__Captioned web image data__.
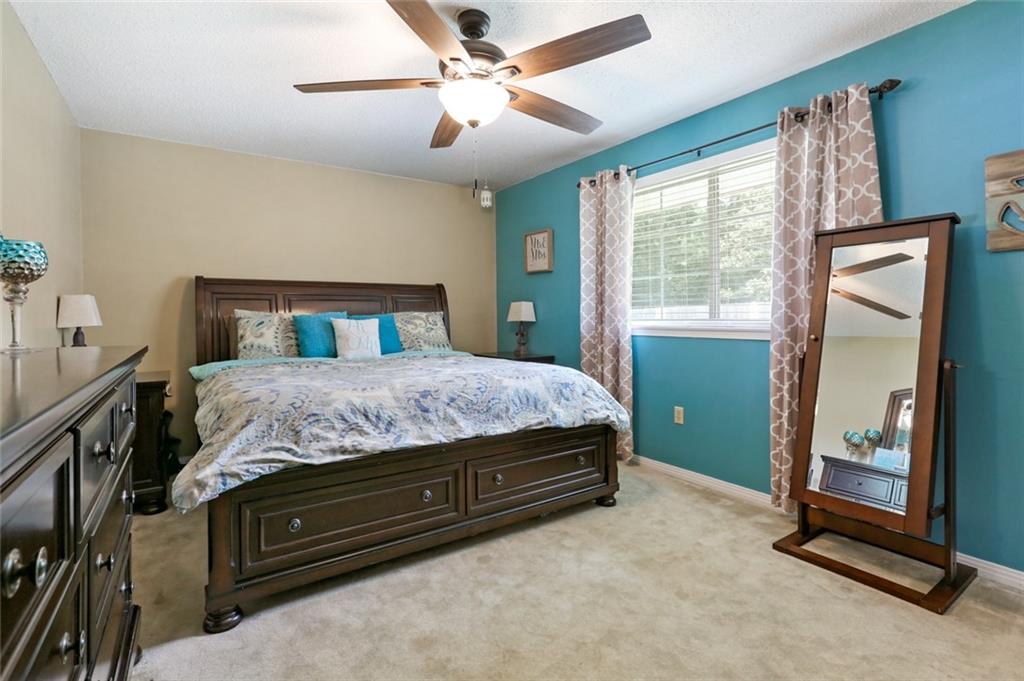 1061 Rue Verand Slidell, LA 70458 - Photo 11 of 22 Gallery Image 11
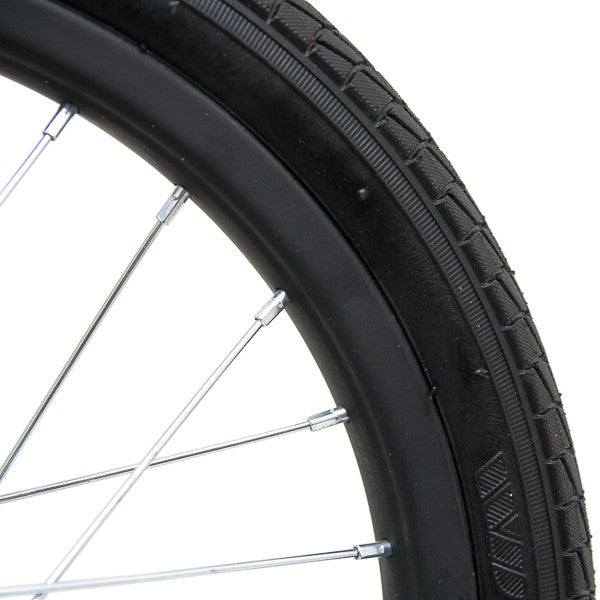 Indy 16" Trainer Unicycle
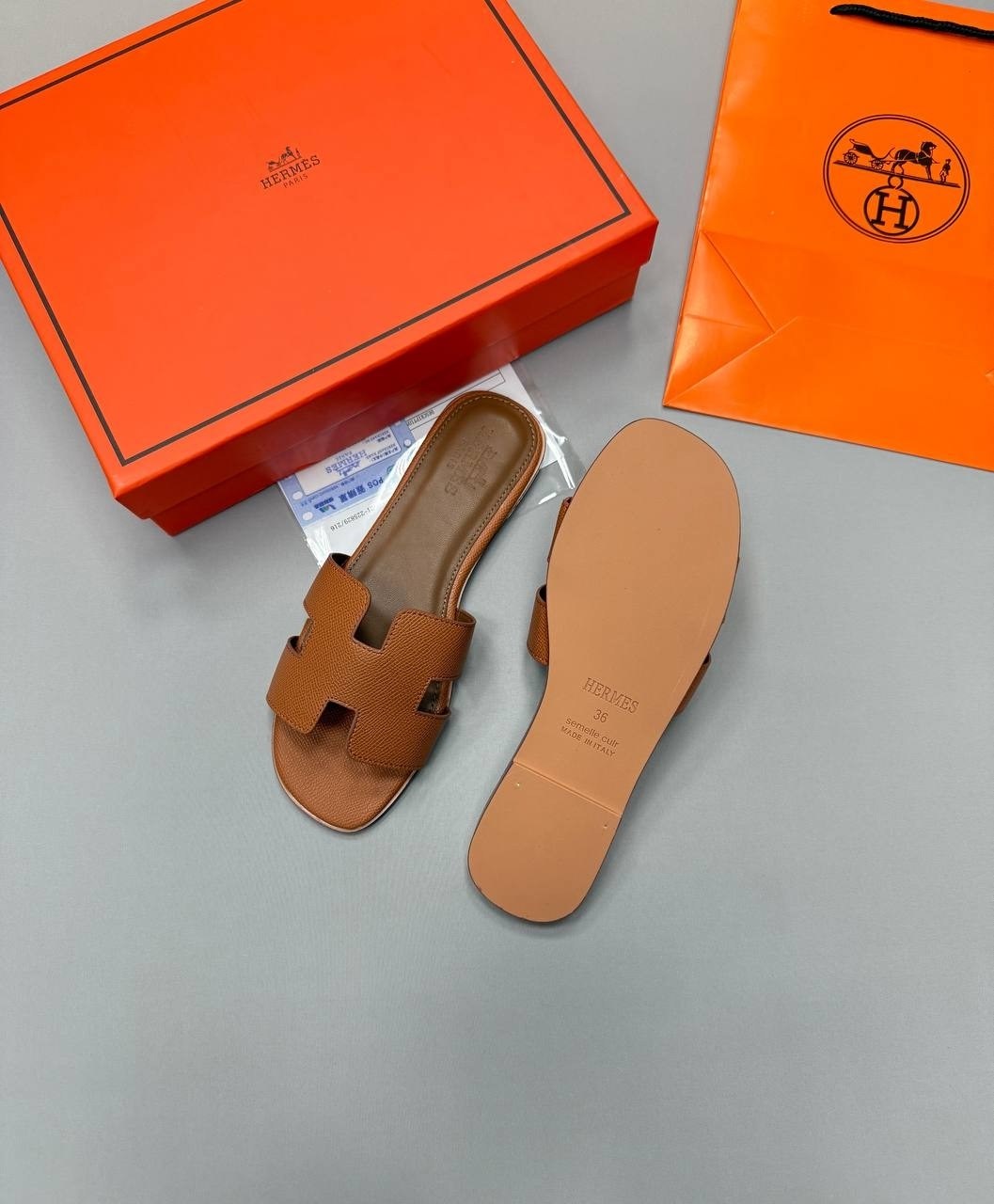 шлепки hermes женские,шлепки гермес женские,шлепанцы эрмес,шлепки эрмес коричневые,шлепки гермес женские 2026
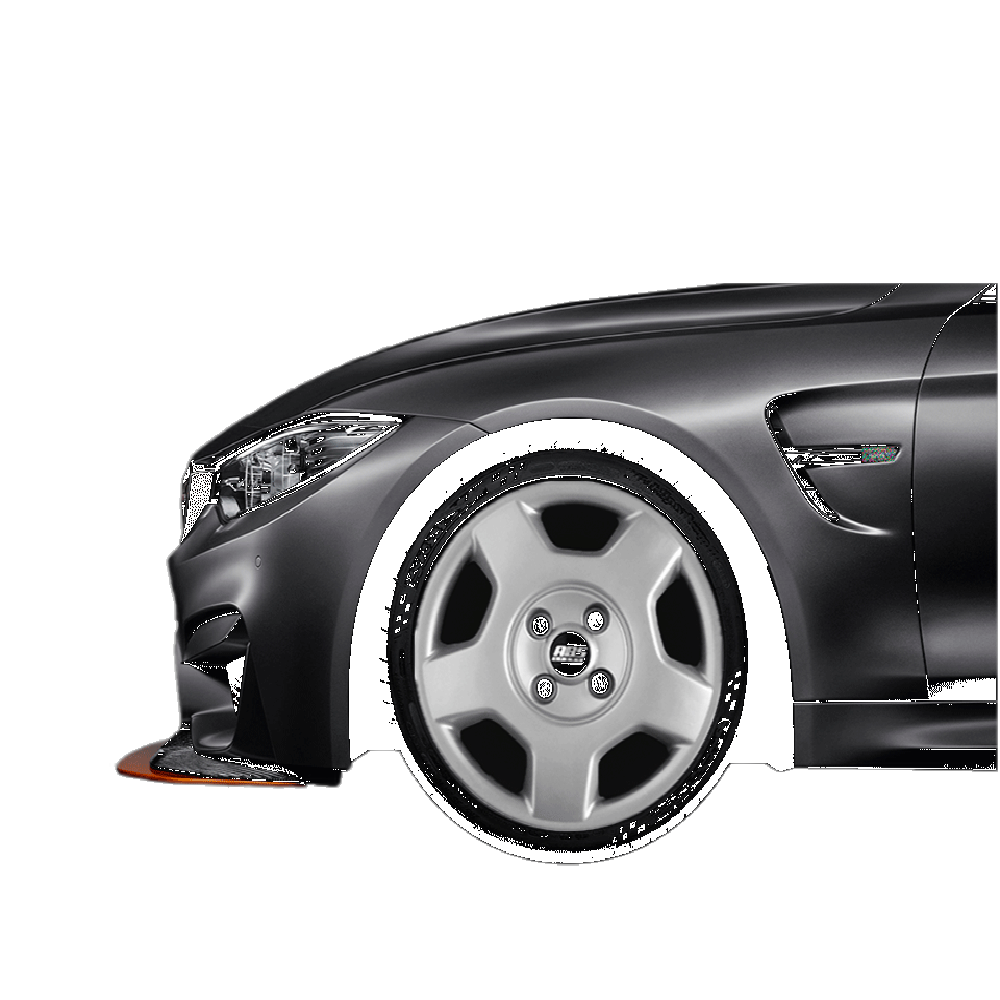 TAPON DE RUEDA ABS SPORT TCOR01 RIN 14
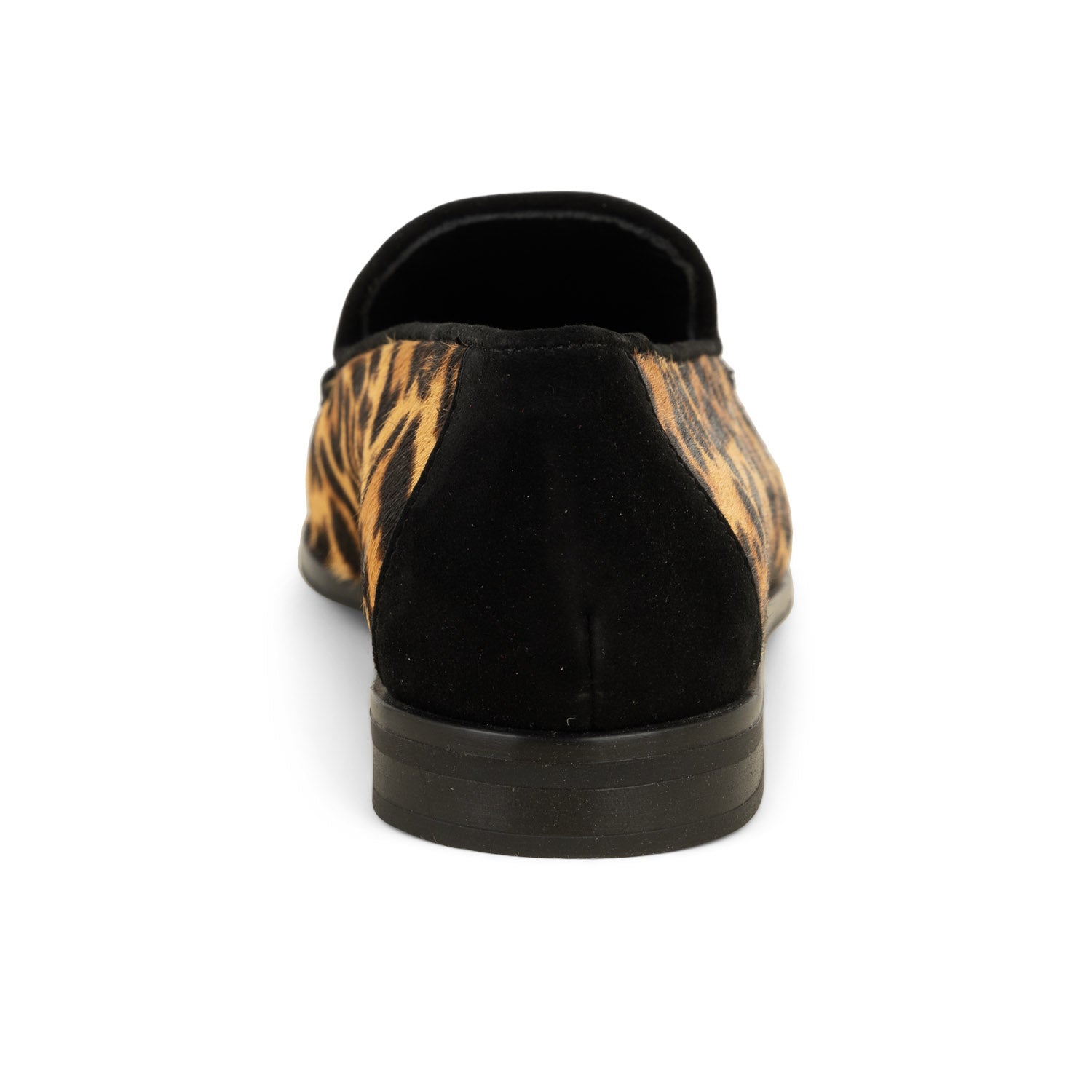 Mocassins Femme PEDRO MIRALLES PEDILEOP Marron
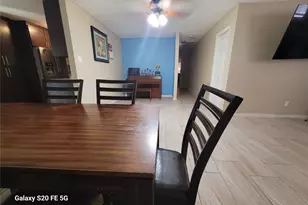 12126 Palmton St, Houston, TX 77034 - Photo 16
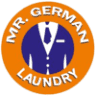 Mr. German Laundry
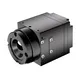 Good Selling Infrared Ir Camera Price List 3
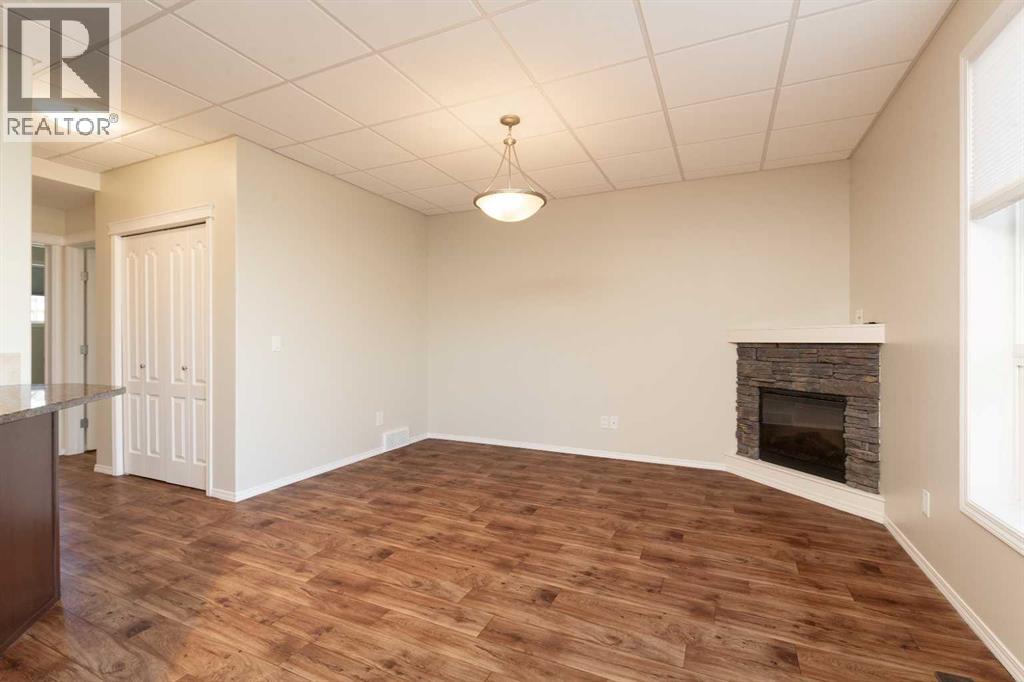 31, 47 Keystone Terrace W, Lethbridge, Alberta  T1J 5B8 - Photo 8 - A2303566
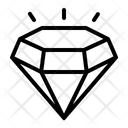 پیش‌نمایش فایل diamond-1975709 از پک ولنتاین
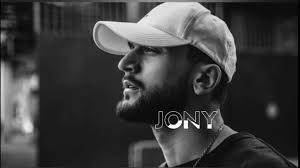 JONY - Ты пари 2020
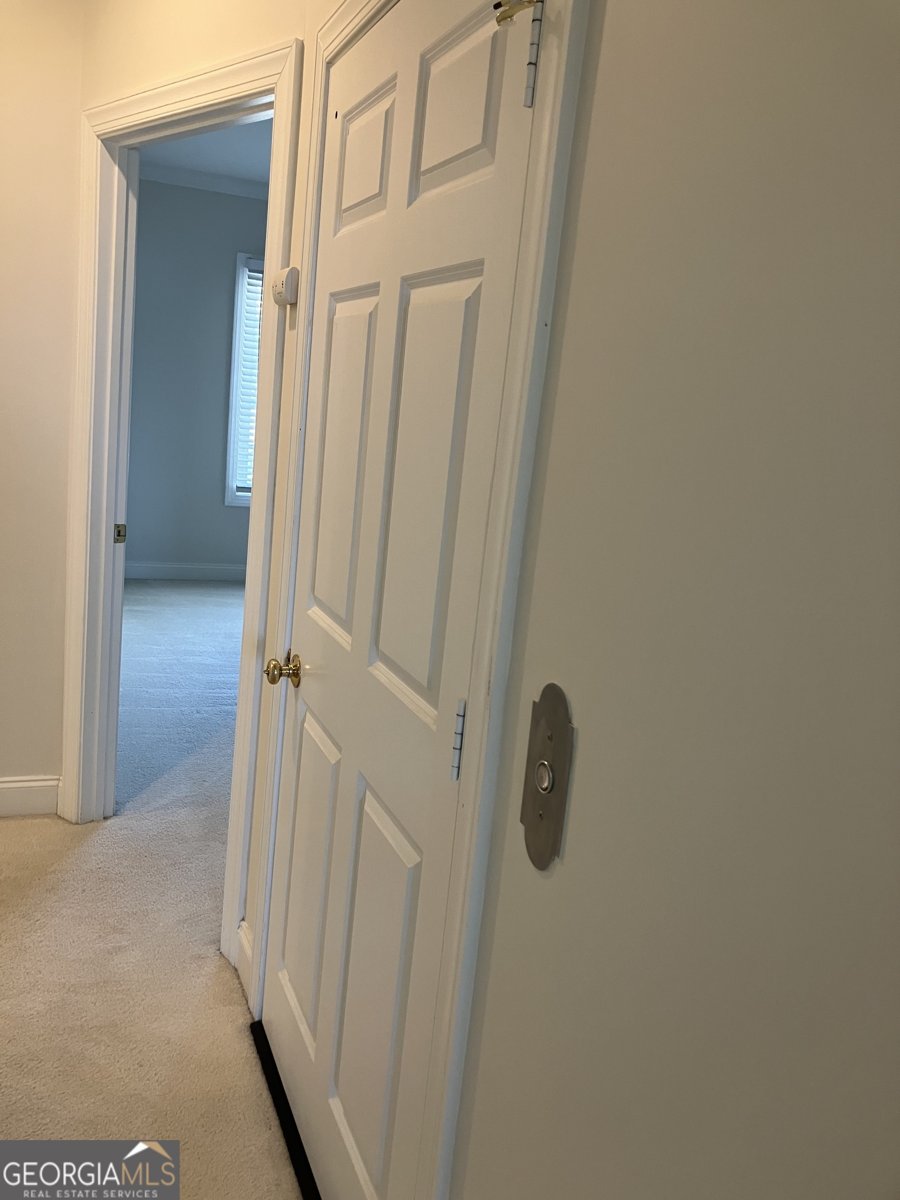 103 Kiln Trail St. Simons - Photo 47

__WORK TO COMPLETE__. Pictures must be left out. Repeat exactly the lines from the one containing "Mr. German Laundry" through the final line of the data.

__RESULT__.
 Mr. German Laundry
 Good Selling Infrared Ir Camera Price List 3
 31, 47 Keystone Terrace W, Lethbridge, Alberta  T1J 5B8 - Photo 8 - A2303566
 پیش‌نمایش فایل diamond-1975709 از پک ولنتاین
 JONY - Ты пари 2020
 103 Kiln Trail St. Simons - Photo 47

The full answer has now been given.